Jakarta (ANTARA News) - Wakil Ketua DPR RI Fadli Zon menilai pasal penghinaan terhadap Presiden dan Wakil Presiden yang diajukan pemerintah dalam draft revisi UU KUHP harus dicabut karena bisa menjadi instrumen membungkam pengkritik presiden.
"Pasal tersebut tak boleh masuk KUHP dan harus dicabut. Ini dapat menjadi instrumen pemerintah untuk membungkam pihak-pihak yang mengkritik Presiden," kata dia di Jakarta, Selasa.
Dia mengatakan saat ini bukan zamannya lagi Presiden takut dikritik atau diprotes masyarakat sipil, media, intelektual, mahasiswa atau masyarakat umumnya sehingga usul pemerintah itu adalah kemunduran hukum di Indonesia.
"Sebab, pasal karet itu sudah pernah dibatalkan MK tahun 2006, karena tidak jelas batasannya dan justru malah menimbulkan ketidakpastian hukum," ujarnya.

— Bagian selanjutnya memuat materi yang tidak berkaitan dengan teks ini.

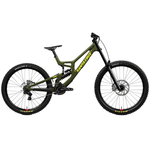Santa Cruz V10 8 CC MX DH S Gloss Kelp Green / S Bikes - Mountain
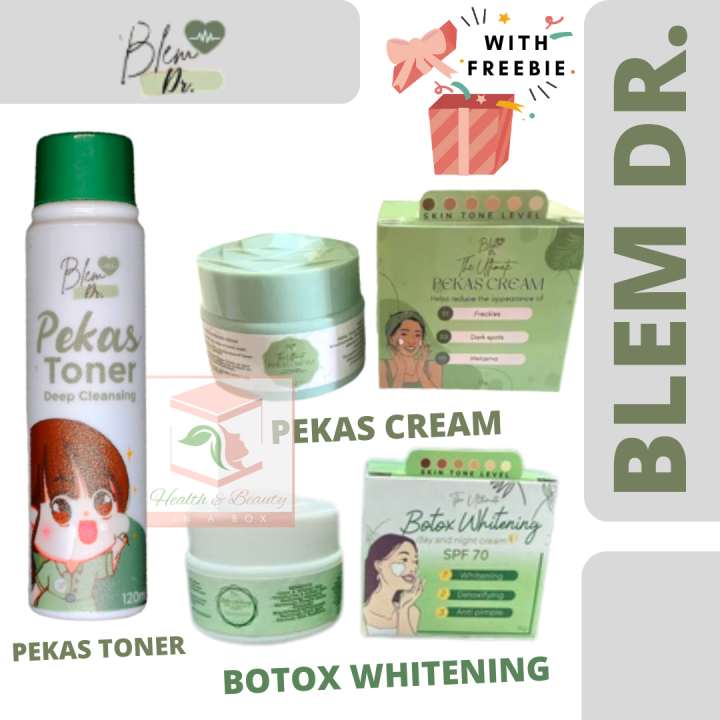 BLEM DR. (SET or per PIECE) | Lazada PH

Menurut dia apabila Presiden mengusulkan lagi pasal penghinaan Presiden, artinya Presiden membuat aturan yang bertentangan dengan konstitusi sesuai keputusan MK. Dia menegaskan Presiden harus menaati keputusan MK karena keputusannya bersifat final dan mengikat.
"Saya khawatir Pak Jokowi belum baca keputusan MK tersebut? Atau malah tidak tahu rancangan usulan pemerintah ini," kata Fadli.
Presiden Joko Widodo mengajukan 786 Pasal dalam Rancangan Undang-Undang (RUU) Kitab Undang-Undang Hukum Pidana (KUHP) ke DPR RI untuk disetujui menjadi UU KUHP.
Dari ratusan pasal yang diajukan itu, Presiden Jokowi menyelipkan satu Pasal mengenai Penghinaan Presiden dan Wakil Presiden. Pasal tersebut sebenarnya sudah dihapuskan Mahkamah Konstitusi (MK) sejak 2006.